PELEGO, como sabemos, é uma peça de lã de carneiro usada sobre a montaria, de modo a tornar macio o assento do cavaleiro. Com origem etimológica no espanhol (pellejo), emergiu como regionalismo no espaço campestre rioplatense, com vários significados. Durante o Estado Novo, o termo ganhou conotação política e passou a designar o sindicalista cooptado. A pelegada “amaciava” o trabalhador para facilitar a vida do patrão e fingia representar os trabalhadores, manipulando as massas para atender aos interesses patronais.

Seriam pelegos, capachos, traidores e servis os líderes do PROIFES? Esses sindicalistas furam greves e ajudam a destruir os direitos da classe? Aproveitam-se das vitórias alheias? Defendem incondicionalmente o gestor? Não conseguem ver nada além de suas próprias e momentâneas necessidades? Além dos dirigentes, considera-se também pelego o próprio trabalhador que é contra o sindicato, mas está sempre atento aos acordos coletivos: “Quanto foi o reajuste salarial e/ou os ganhos da greve”, pergunta ele ao colega que está no movimento… sempre muito crítico, muito preparado e esclarecido, sempre ancorado no discurso de algum político ou no governo da vez, de qualquer matiz ideológica.

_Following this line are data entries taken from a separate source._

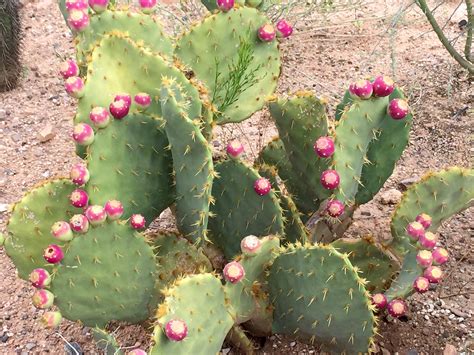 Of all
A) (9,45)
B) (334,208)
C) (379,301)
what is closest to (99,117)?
(334,208)

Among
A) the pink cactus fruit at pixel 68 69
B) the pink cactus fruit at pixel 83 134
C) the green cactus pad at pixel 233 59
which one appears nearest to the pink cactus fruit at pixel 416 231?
the green cactus pad at pixel 233 59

No mundo rural, dos rodeios, o peão dispensa o pelego e, ao contrário, fustiga o cavalo ou boi, sem amaciamento no contato entre homem e animal. Seria, digamos, uma ação a contrapelo do antigo hábito de cavalgar. O Boi, que fora em priscas eras o símbolo do Brasil, passa a ser, nesses espetáculos, um suporte de alto desempenho para avaliação das habilidades do peão. Nada de “Bumba-meu-boi”. Apesar de a legislação federal normatizar a realização dos rodeios, ativistas dos direitos animais denunciam o uso de instrumentos causadores de dor e estresse, a exemplo do sedém (espécie de cilício confeccionado de materiais diversos: seda, lã, espuma revestida de tecido macio, crina de cavalo ou mesmo de pelos da cauda do boi) que é amarrado e retesado ao redor do corpo do animal, na região da virilha, tracionado ao máximo quando ele é solto na arena.

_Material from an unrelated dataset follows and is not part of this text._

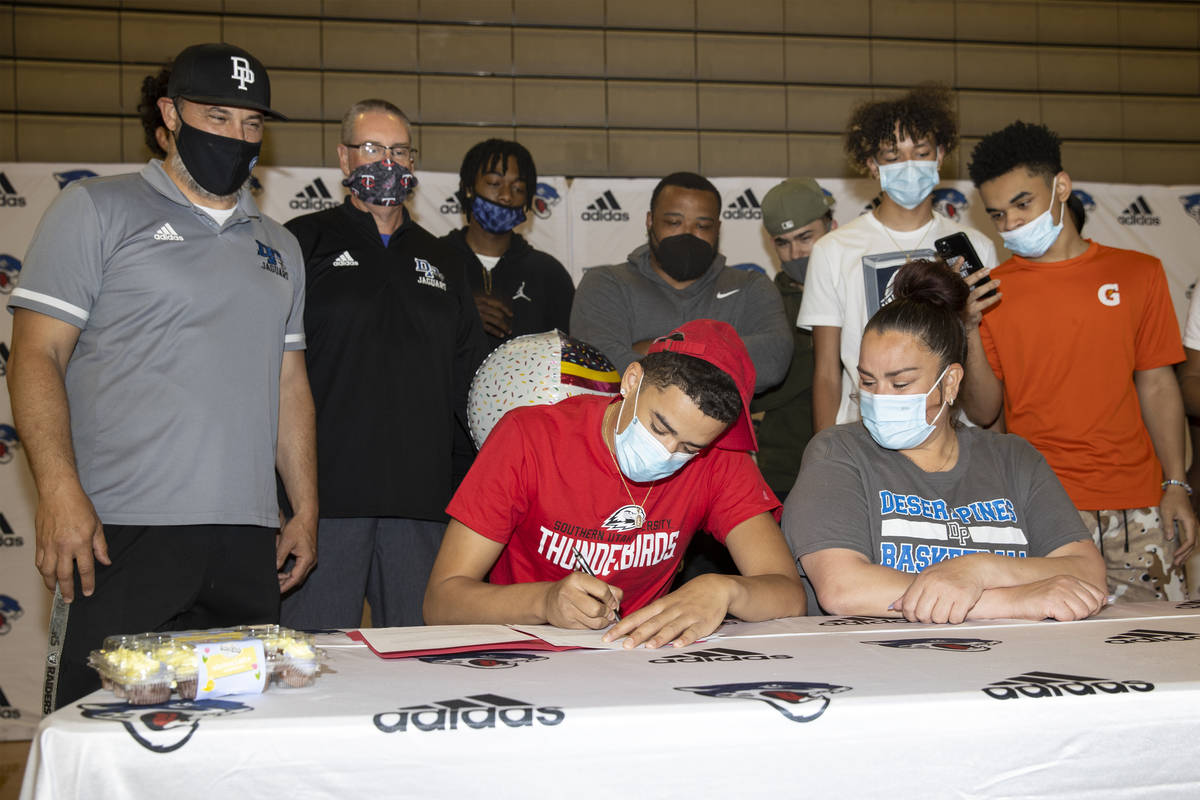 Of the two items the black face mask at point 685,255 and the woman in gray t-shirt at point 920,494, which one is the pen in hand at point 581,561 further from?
the black face mask at point 685,255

Na conjuntura da atual greve de docentes, o PROIFES tem sido acusado de peleguismo, porque assinou o acordo com o governo. Como a personagem LULA, à frente do governo, não é exatamente um representante patronal como outros que o antecederam na história da nossa República e sim o símbolo da classe trabalhadora que chegou ao poder, seria ele também um pelego quando assinou o acordo? Quem o governo traiu? Os patrões que o ajudaram a se eleger e a governar, ou os docentes que votaram nele? Que governo é esse e que federação é essa? A quem são devidos os ganhos do acordo repudiado por parte dos docentes em greve?

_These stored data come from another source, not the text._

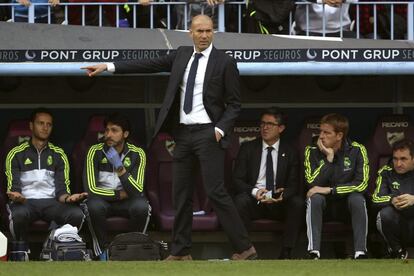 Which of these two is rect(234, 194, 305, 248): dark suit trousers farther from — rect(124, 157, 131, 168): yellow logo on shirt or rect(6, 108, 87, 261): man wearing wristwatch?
rect(6, 108, 87, 261): man wearing wristwatch

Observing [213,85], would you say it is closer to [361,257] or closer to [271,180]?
[271,180]

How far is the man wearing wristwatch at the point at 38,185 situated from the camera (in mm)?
12234

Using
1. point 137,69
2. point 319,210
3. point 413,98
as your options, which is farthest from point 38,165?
point 413,98

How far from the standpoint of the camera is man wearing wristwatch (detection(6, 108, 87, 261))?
40.1ft

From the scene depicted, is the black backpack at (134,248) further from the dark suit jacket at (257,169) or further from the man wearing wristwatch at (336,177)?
the man wearing wristwatch at (336,177)

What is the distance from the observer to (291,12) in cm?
1329

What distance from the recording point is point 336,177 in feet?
40.2

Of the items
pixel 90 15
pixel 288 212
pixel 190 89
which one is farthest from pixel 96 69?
pixel 90 15

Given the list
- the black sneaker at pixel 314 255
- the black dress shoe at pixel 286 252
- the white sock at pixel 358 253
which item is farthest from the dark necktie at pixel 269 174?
the white sock at pixel 358 253

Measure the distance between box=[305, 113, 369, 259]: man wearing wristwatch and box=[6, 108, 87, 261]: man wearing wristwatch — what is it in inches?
84.4

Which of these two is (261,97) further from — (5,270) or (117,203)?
(5,270)

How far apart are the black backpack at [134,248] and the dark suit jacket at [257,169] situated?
118 cm

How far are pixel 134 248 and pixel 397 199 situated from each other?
2.39 m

Em justaposição aos resíduos da imagem do Boi como símbolo nacional, a imagem de um Lula a simbolizar um Brasil construído nas lutas não deixa de ser melancólica e até grotesca, se usada para alegorizar o momento político desta greve. Fustigado por todos os lados, o BOI LULA estaria na arena de um rodeio, a sangrar. Cairia por terra esse boi, para desespero do peão que precisa dele para se firmar como herói? Quais seriam os despojos dessa guerra sem mediação, sem negociação?

Em tempo, não considero pelegos os dirigentes ou sindicalizados do ADURN/PROIFES, ou do ANDES. Sou contra a desfiliação. Sou a favor de discutir o assunto, dentro de um campo respeitoso e com a admissão de termos como civilidade, intransigência, negociação, radicalismo e democracia, no âmbito do patrimônio intelectual construído pela academia, na sua pluralidade, no nosso campo de ação.

Nessa conjuntura, despontam as eleições municipais. Que posicionamentos devemos esperar dos candidatos quanto à representatividade docente junto ao governo atual, uma vez que vários desses candidatos são ou foram vinculados à universidade? Eleitor federal, eleitor municipal. Com a palavra, uma militância – cuja qualidade, supõe-se, é superior à quantidade – representada na greve.